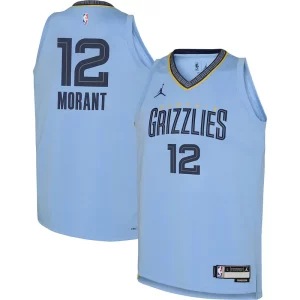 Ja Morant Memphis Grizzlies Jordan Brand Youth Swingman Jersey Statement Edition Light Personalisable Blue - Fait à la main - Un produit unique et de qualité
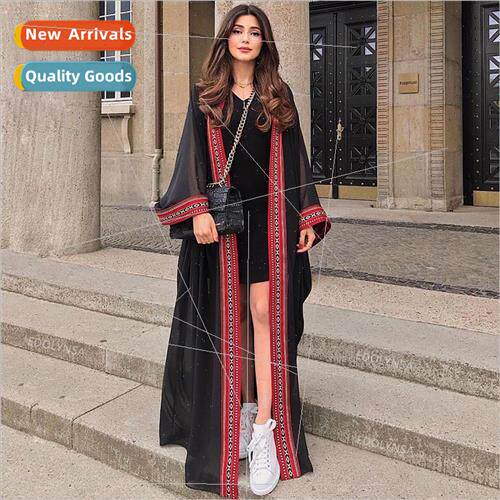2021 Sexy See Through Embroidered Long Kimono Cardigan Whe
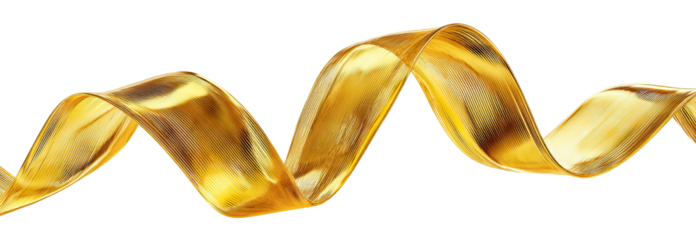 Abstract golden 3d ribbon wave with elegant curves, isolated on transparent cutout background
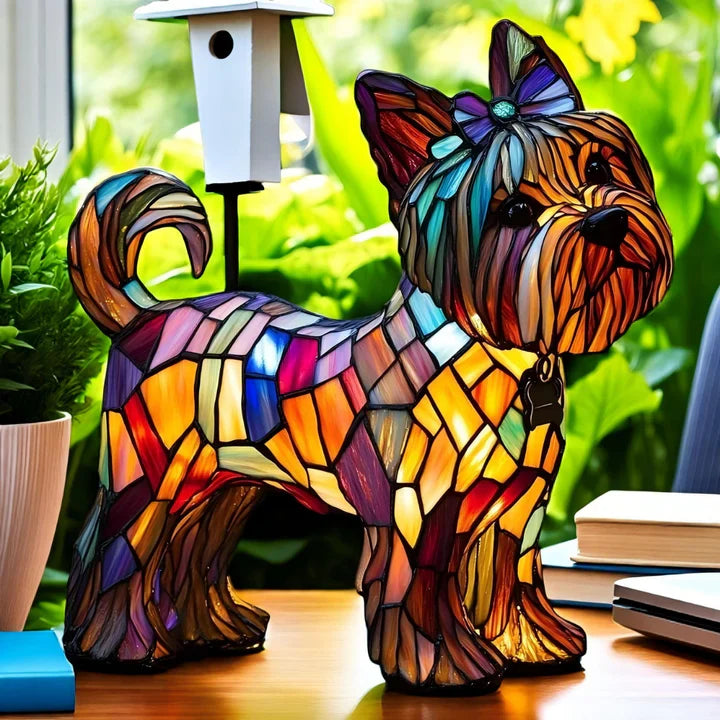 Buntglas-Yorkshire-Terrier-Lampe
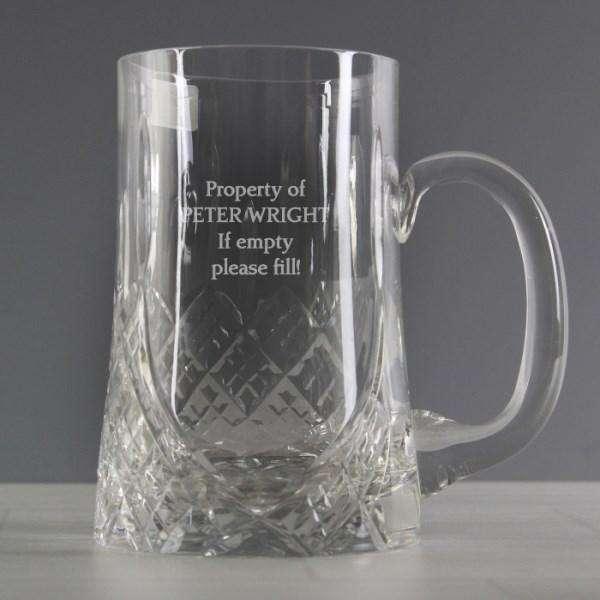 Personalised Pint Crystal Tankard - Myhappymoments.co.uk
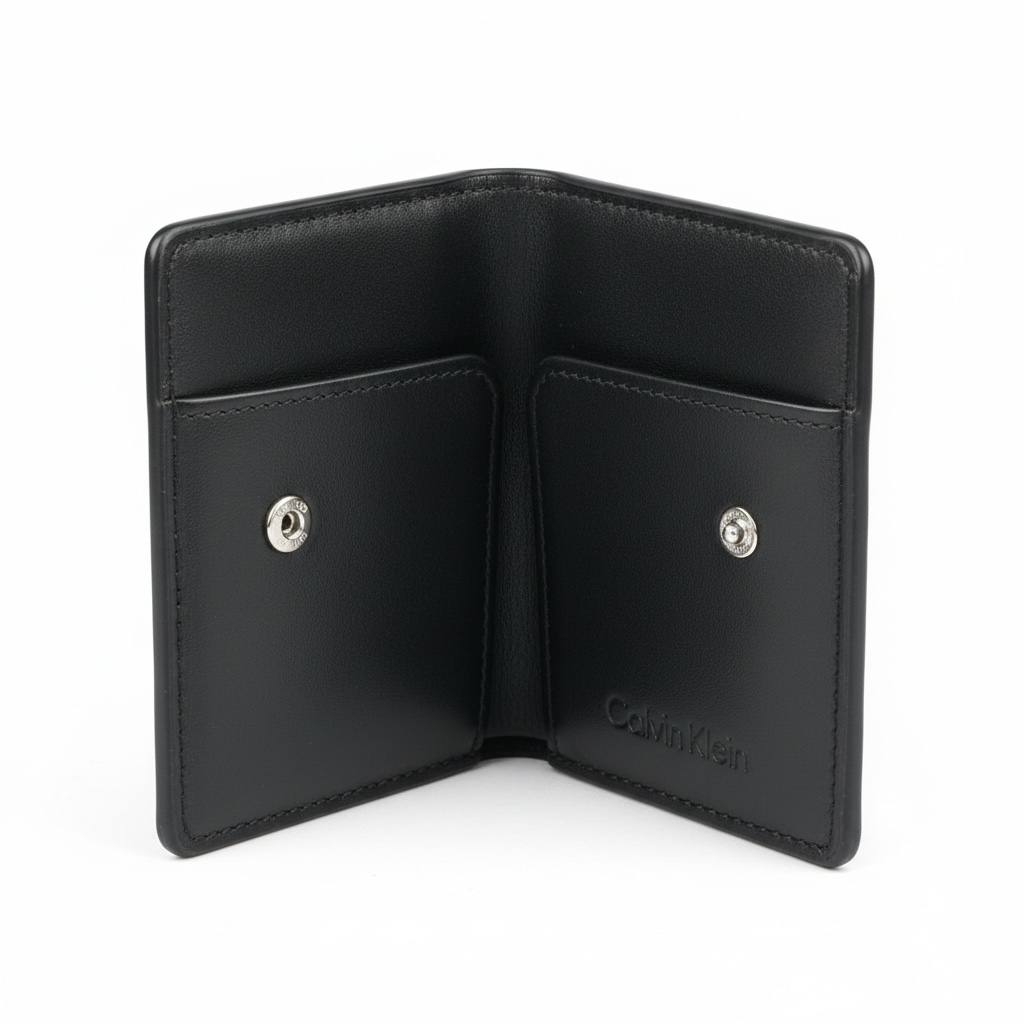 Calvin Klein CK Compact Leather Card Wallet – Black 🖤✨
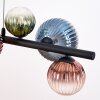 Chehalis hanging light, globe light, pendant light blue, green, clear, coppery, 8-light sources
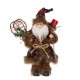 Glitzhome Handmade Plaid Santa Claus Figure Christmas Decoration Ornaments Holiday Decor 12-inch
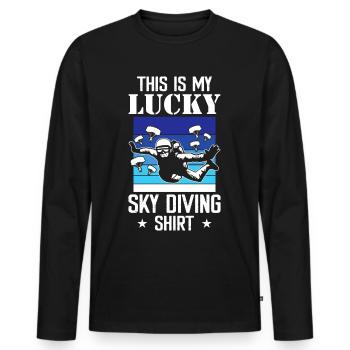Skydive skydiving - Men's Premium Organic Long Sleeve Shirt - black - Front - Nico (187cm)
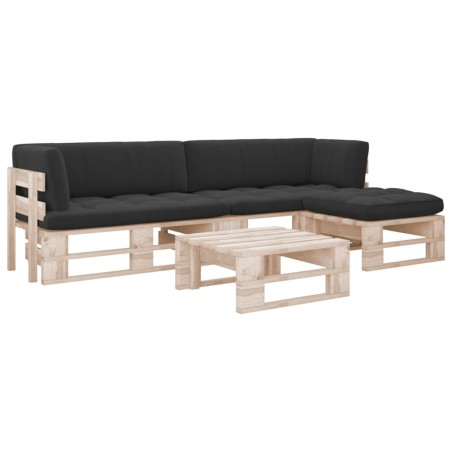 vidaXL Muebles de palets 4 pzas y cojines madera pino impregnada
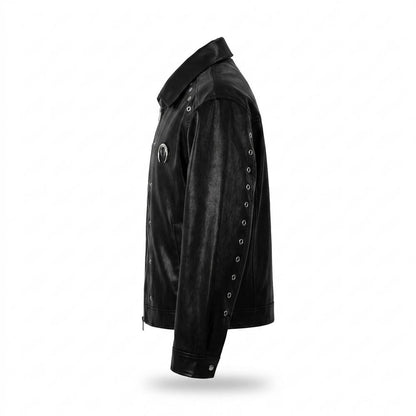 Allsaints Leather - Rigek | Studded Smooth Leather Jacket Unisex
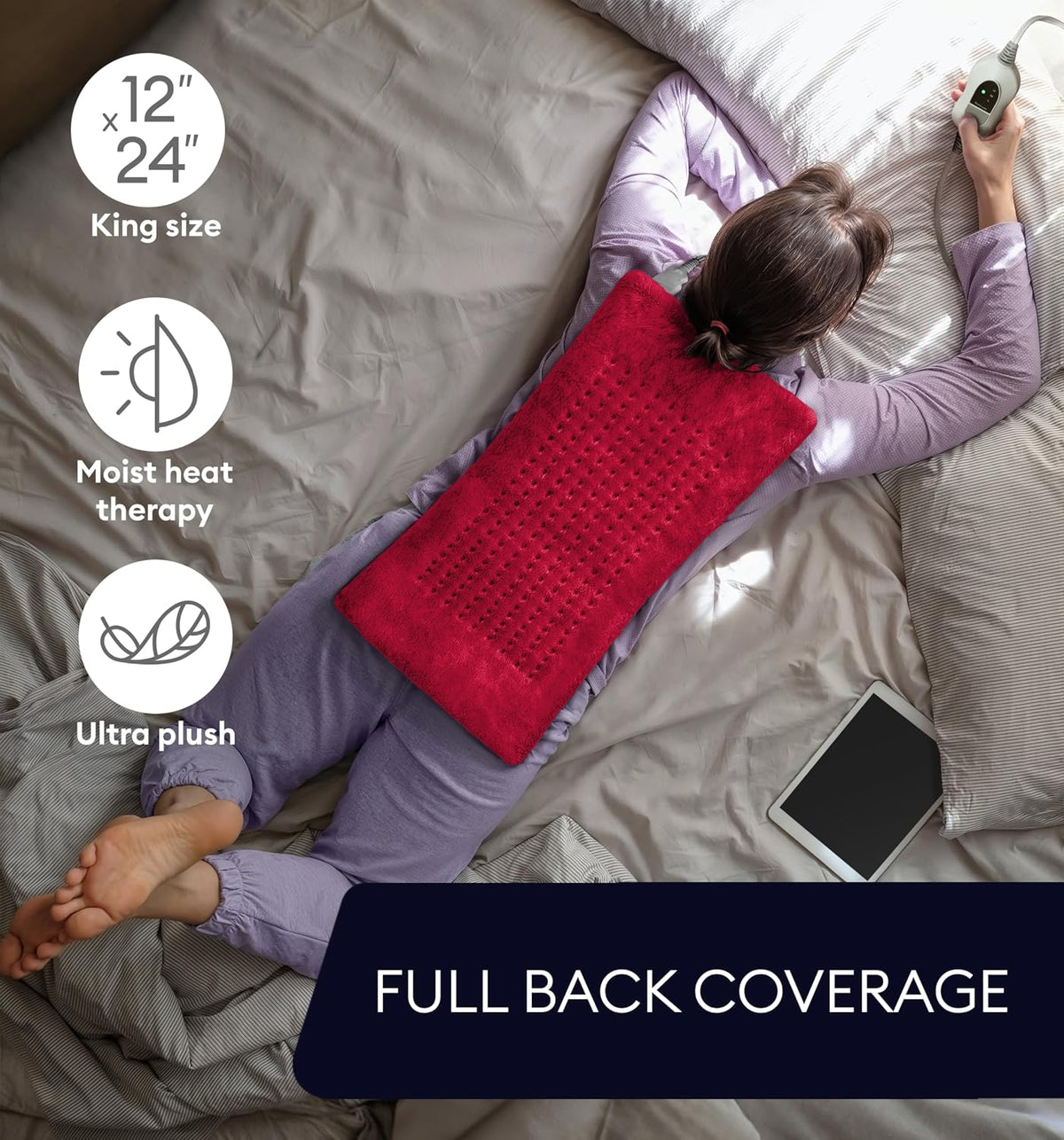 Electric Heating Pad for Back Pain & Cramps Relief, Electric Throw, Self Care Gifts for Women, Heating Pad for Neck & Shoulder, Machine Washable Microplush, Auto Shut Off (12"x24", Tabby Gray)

════════════════

- **WHAT THE TASK ASKS**:
Leaving the pictures out, transcribe word for word the lines from the one with "Calvin Klein CK" to the end of the material above, inclusive, and nothing else.

- **YOUR RESPONSE**:
 Calvin Klein CK Compact Leather Card Wallet – Black 🖤✨
 Chehalis hanging light, globe light, pendant light blue, green, clear, coppery, 8-light sources
 Glitzhome Handmade Plaid Santa Claus Figure Christmas Decoration Ornaments Holiday Decor 12-inch
Skydive skydiving - Men's Premium Organic Long Sleeve Shirt - black - Front - Nico (187cm)
 vidaXL Muebles de palets 4 pzas y cojines madera pino impregnada
 Allsaints Leather - Rigek | Studded Smooth Leather Jacket Unisex
 Electric Heating Pad for Back Pain & Cramps Relief, Electric Throw, Self Care Gifts for Women, Heating Pad for Neck & Shoulder, Machine Washable Microplush, Auto Shut Off (12"x24", Tabby Gray)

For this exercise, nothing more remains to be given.